Gli Eurostar Ancona-Roma e viceversa (3 coppie giornaliere) presentavano ormai da tempo un rapporto costi-ricavi negativo a causa delle basse frequentazioni, con perdite rilevanti e insostenibili per l’azienda ferroviaria.

Pertanto, per assicurare i collegamenti di media e lunga percorrenza ad un’area così estesa, dall’11 dicembre 2011 due coppie sono state trasformate in Intercity e sono state inserite nel contratto di servizio con lo Stato.
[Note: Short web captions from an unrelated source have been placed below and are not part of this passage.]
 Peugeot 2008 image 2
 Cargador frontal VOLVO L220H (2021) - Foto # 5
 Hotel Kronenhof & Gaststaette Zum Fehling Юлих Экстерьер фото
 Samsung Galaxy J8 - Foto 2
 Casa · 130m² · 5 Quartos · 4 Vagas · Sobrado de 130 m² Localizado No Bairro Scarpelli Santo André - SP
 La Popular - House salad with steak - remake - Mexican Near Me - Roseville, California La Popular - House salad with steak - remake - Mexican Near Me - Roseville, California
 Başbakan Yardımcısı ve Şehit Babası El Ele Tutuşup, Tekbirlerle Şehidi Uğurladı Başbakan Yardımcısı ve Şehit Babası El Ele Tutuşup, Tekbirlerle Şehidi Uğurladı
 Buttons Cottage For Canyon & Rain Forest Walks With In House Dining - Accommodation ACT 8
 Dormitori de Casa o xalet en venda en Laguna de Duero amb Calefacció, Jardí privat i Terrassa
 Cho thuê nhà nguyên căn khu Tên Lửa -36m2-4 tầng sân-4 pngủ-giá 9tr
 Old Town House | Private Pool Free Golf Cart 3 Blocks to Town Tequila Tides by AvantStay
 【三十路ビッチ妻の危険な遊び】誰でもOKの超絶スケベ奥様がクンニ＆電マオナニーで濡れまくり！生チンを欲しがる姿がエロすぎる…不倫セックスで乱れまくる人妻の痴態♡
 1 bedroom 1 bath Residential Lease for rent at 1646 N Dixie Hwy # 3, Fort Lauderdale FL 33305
Si evidenzia che ciò ha comportato un’apprezzabile diminuzione del prezzo dei biglietti.

Invece, la terza coppia tra Roma-Ancona, non trovando capienza nelle risorse statali disponibili ed essendo quella con le minori frequentazioni e le maggiori perdite, è stata soppressa.

Nell’ambito della nuova rimodulazione dell’offerta ferroviaria compresa nel contratto di servizio per il 2012, anche la coppia di Eurostar Roma-Perugia e viceversa è stata trasformata Intercity.

Nessuna variazione è stata, invece, adottata per la coppia di Eurostar Roma-Ravenna e viceversa.

Infine, con riferimento, agli ulteriori specifici rilievi avanzati, si evidenzia che la trasformazione degli Eurostar in Intercity non ha comportato sostanziali variazioni dei tempi di percorrenza, mentre sui treni da e per Ancona sono state aggiunte, come richiesto dal territorio, le fermate di Spoleto e Fossato di Vico-Gubbio.